DATA EXTRACT:
※ ※ ※
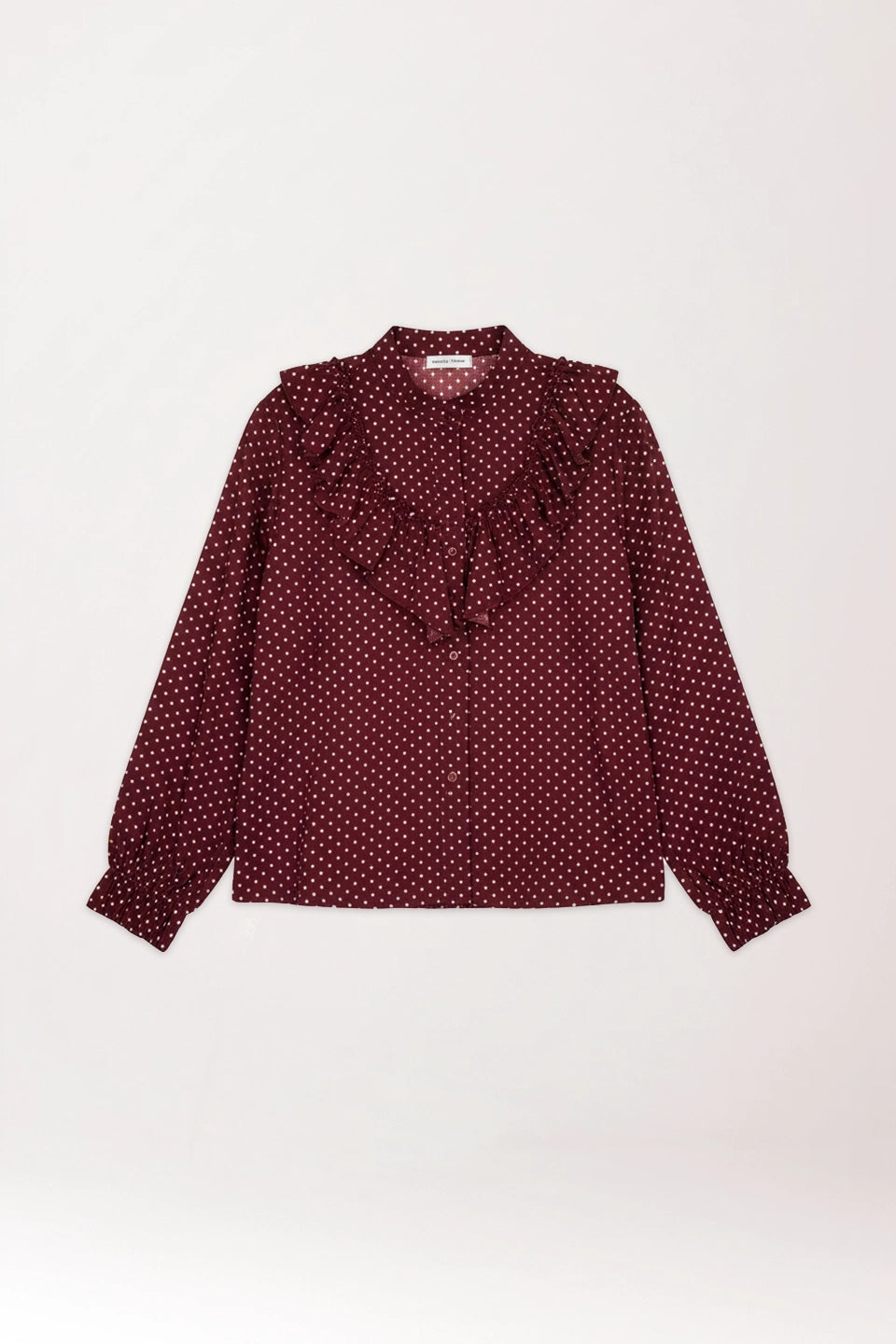 Camisa de lunares burdeos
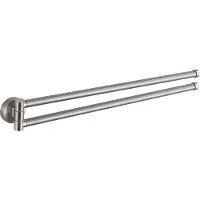 Mexen Remo dubbele draaibare handdoekhouder, geborsteld nikkel - 70507255-97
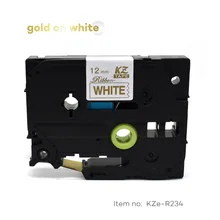 Этикетка CIDY для TZe атласная лента совместимый с Brother P Touch 12 мм золото на белом TZe-R234 TZ-R234 tze R234 TZ R234 запечатанных лент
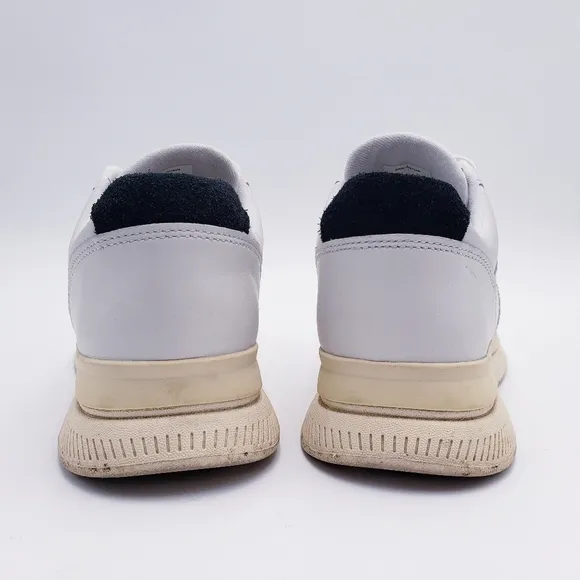 Everlane The Trainer Sneakers White Grey Leather Low Top Lace Up Women's Size 8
※ ※ ※
WHAT THE EXERCISE ASKS:
Output the listing above exactly, pictures omitted.

SOLUTION TO THIS PROBLEM:
 Camisa de lunares burdeos
 Mexen Remo dubbele draaibare handdoekhouder, geborsteld nikkel - 70507255-97
 Этикетка CIDY для TZe атласная лента совместимый с Brother P Touch 12 мм золото на белом TZe-R234 TZ-R234 tze R234 TZ R234 запечатанных лент
 Everlane The Trainer Sneakers White Grey Leather Low Top Lace Up Women's Size 8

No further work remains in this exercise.